## [Short descriptive text snippets]
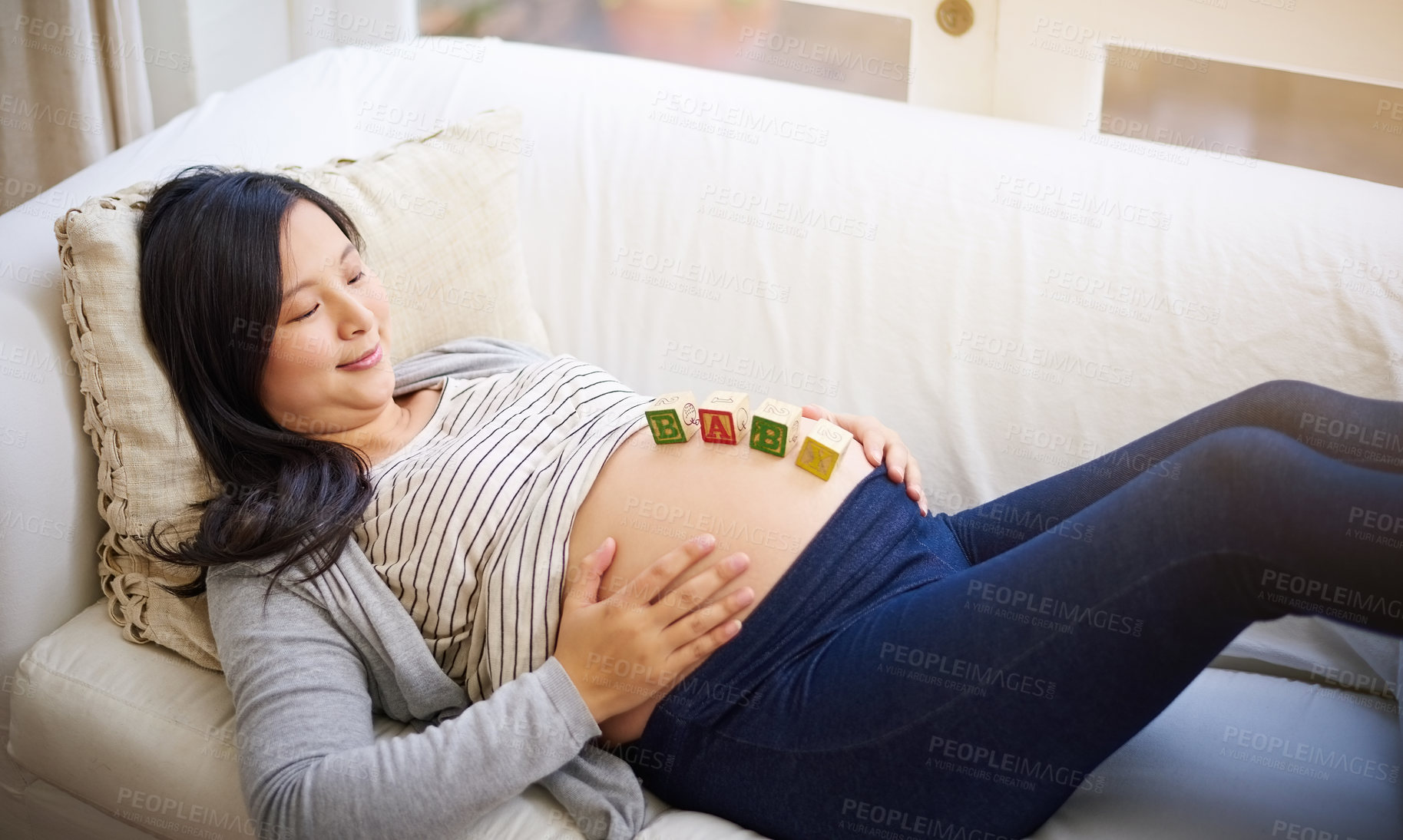 Buy stock photo Shot of an attractive young pregnant woman balancing wooden blocks on her tummy while relaxing on the sofa at home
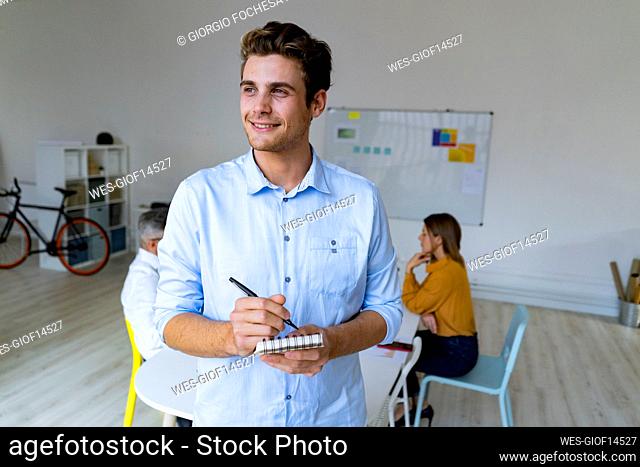 Contemplative businessman with notepad and pen standing in office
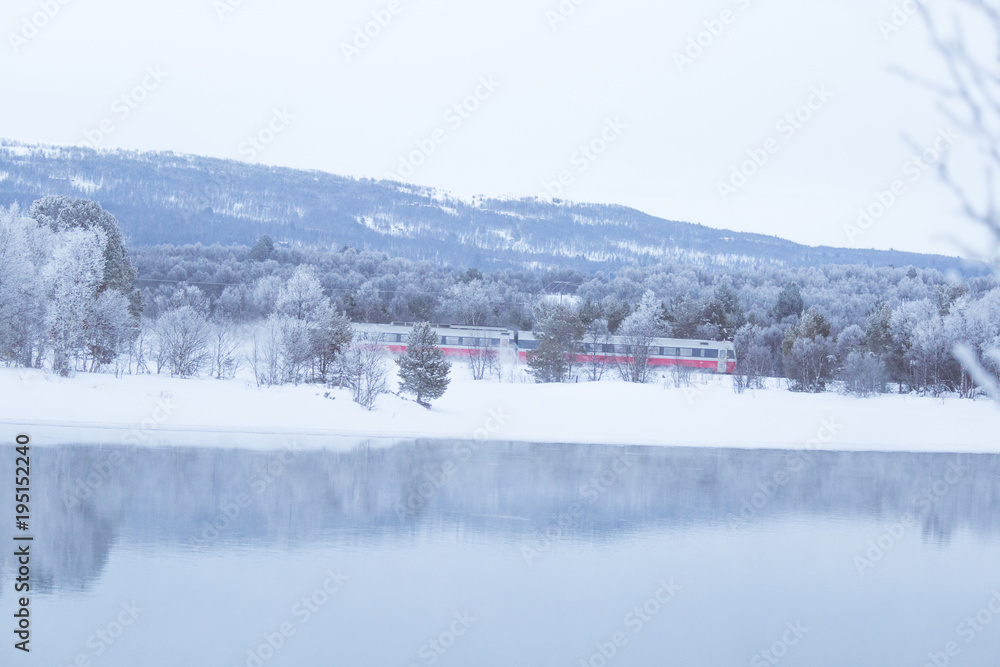 Beautiful frozen river with a trees on a bank. White winter landscape of central Norway. Light scenery. Beautiful frozen river with a trees on a bank. White winter landscape of central Norway. Light scenery.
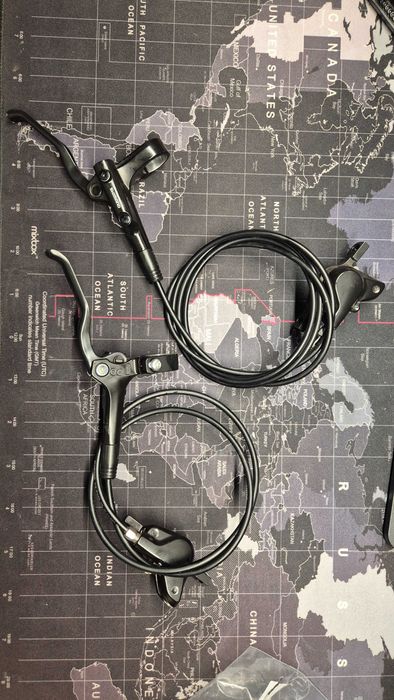 Frâne hidraulice Shimano MT200 față + spate – plăcuțe noi
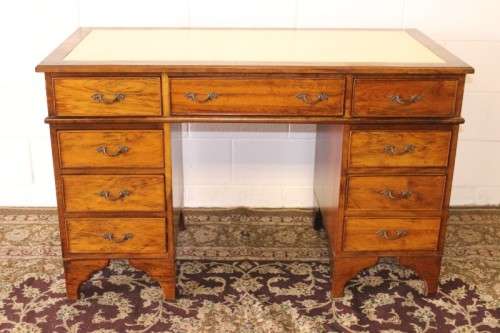 A beautiful vintage knee-hole writing desk w/ an off-white leather top & 9x drawers w/ brass handles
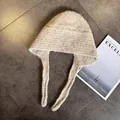 Detailed knit texture of beige balaclava hat with tie strings on a stone floor - M (55-59cm) / Beige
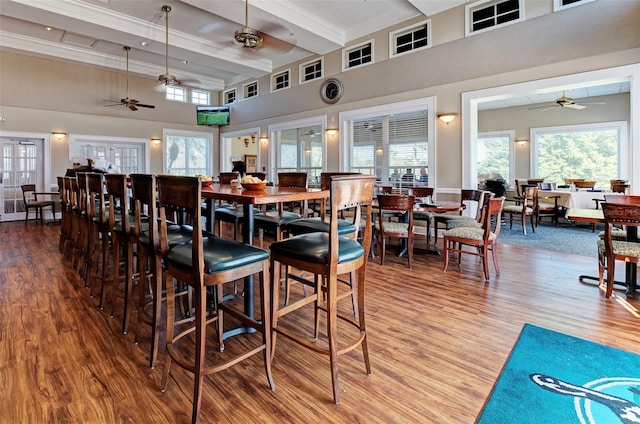 dining area with hardwood / wood-style flooring, ceiling fan, and beamed ceiling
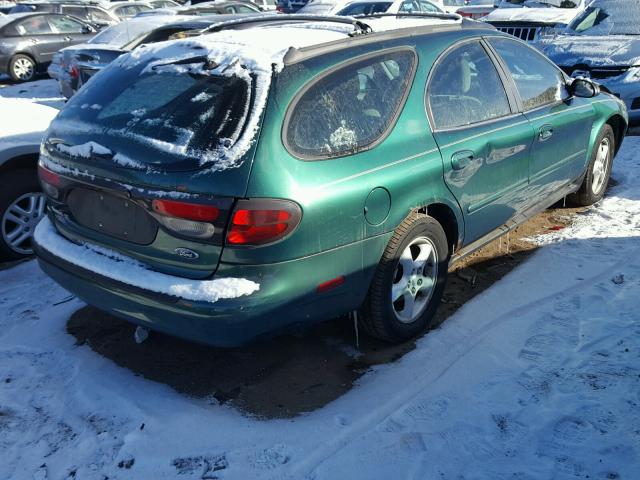 1FAFP5823YG186795 - 2000 FORD TAURUS SE GREEN photo 4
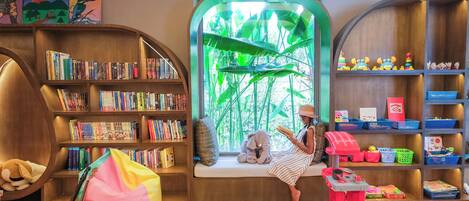A cozy reading nook with a large window, a bookshelf, and a toy kitchen set.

## [Task brief]
All of the data, minus its pictures, should be repeated exactly.

## [Exercise response]
 Buy stock photo Shot of an attractive young pregnant woman balancing wooden blocks on her tummy while relaxing on the sofa at home
 Contemplative businessman with notepad and pen standing in office
 Beautiful frozen river with a trees on a bank. White winter landscape of central Norway. Light scenery. Beautiful frozen river with a trees on a bank. White winter landscape of central Norway. Light scenery.
 Frâne hidraulice Shimano MT200 față + spate – plăcuțe noi
 A beautiful vintage knee-hole writing desk w/ an off-white leather top & 9x drawers w/ brass handles
 Detailed knit texture of beige balaclava hat with tie strings on a stone floor - M (55-59cm) / Beige
 dining area with hardwood / wood-style flooring, ceiling fan, and beamed ceiling
 1FAFP5823YG186795 - 2000 FORD TAURUS SE GREEN photo 4
A cozy reading nook with a large window, a bookshelf, and a toy kitchen set.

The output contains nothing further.